TASK MATERIAL ▸
%%

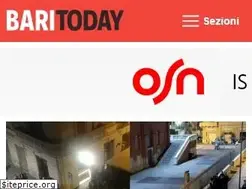 Sites similar to baritoday.it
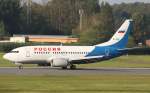 Rossiya,EI-CDF,Boeing 737-548,25.09.2011,HAM-EDDH,Hamburg,Germany   ...  Henryk Konrad 19.11.2011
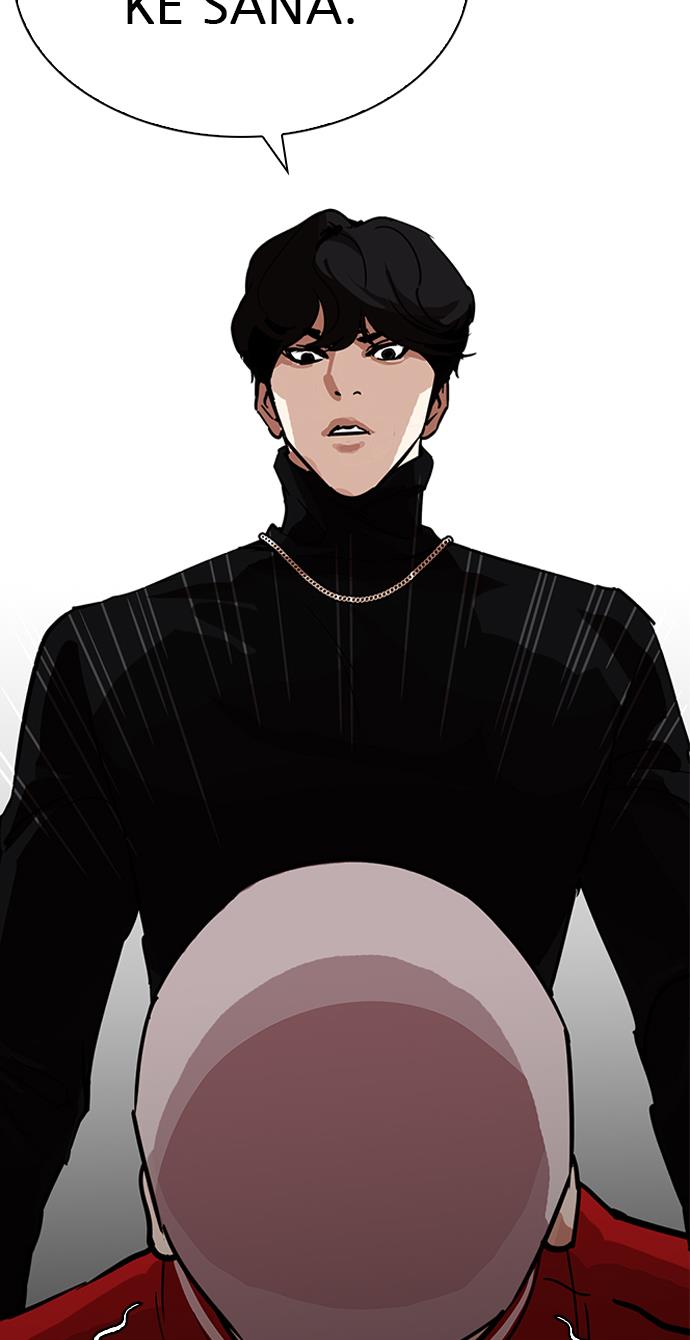 Lookism Chapter 222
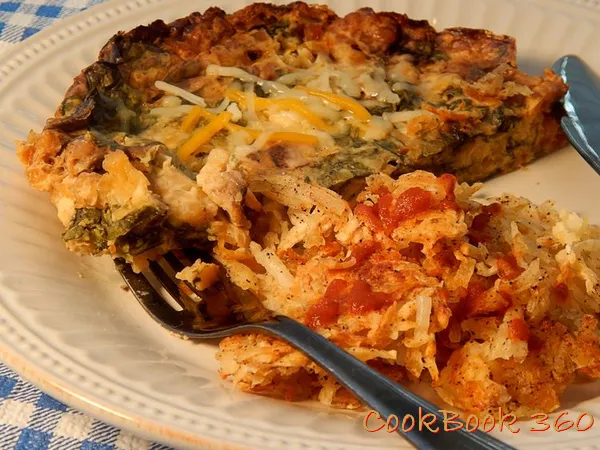 CookBook Recepie image 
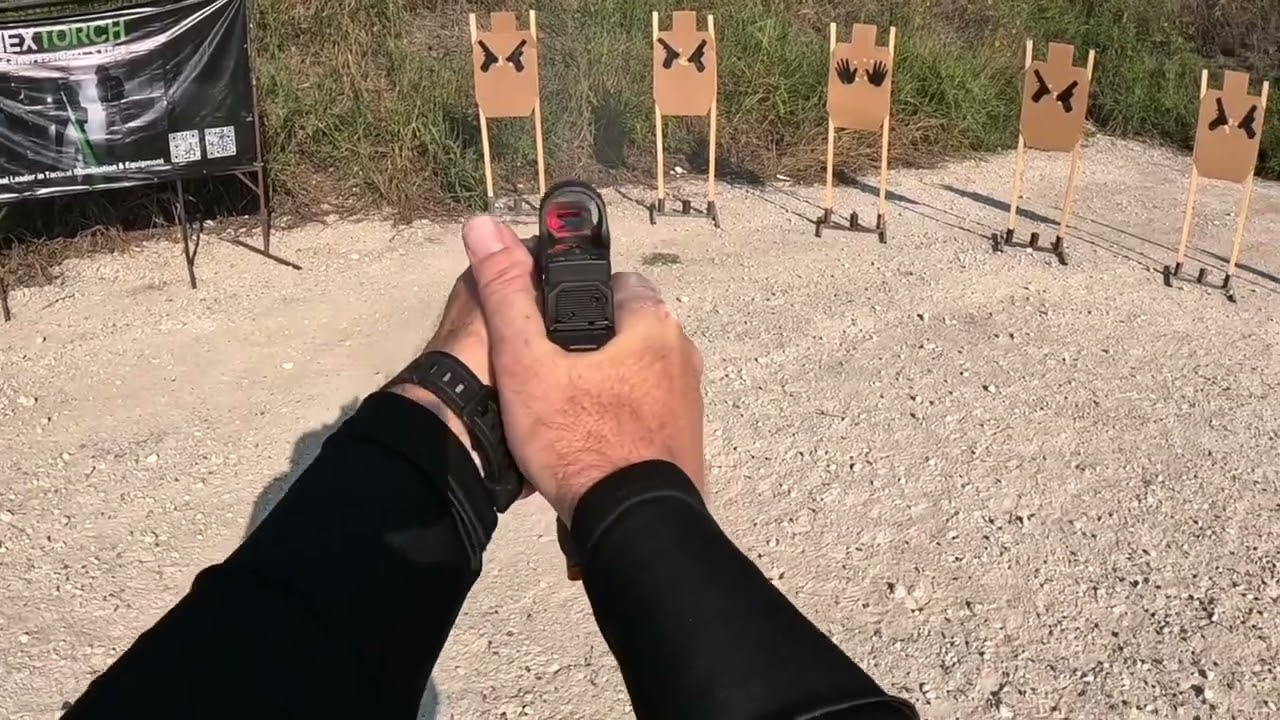 2025 IDPA Nationals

%%

WHAT YOU ARE ASKED TO DO ▸
Word for word, repeat the lines of data above, omitting every picture.

EXERCISE OUTPUT ▸
 Sites similar to baritoday.it
 Rossiya,EI-CDF,Boeing 737-548,25.09.2011,HAM-EDDH,Hamburg,Germany   ...  Henryk Konrad 19.11.2011
 Lookism Chapter 222
 CookBook Recepie image 
 2025 IDPA Nationals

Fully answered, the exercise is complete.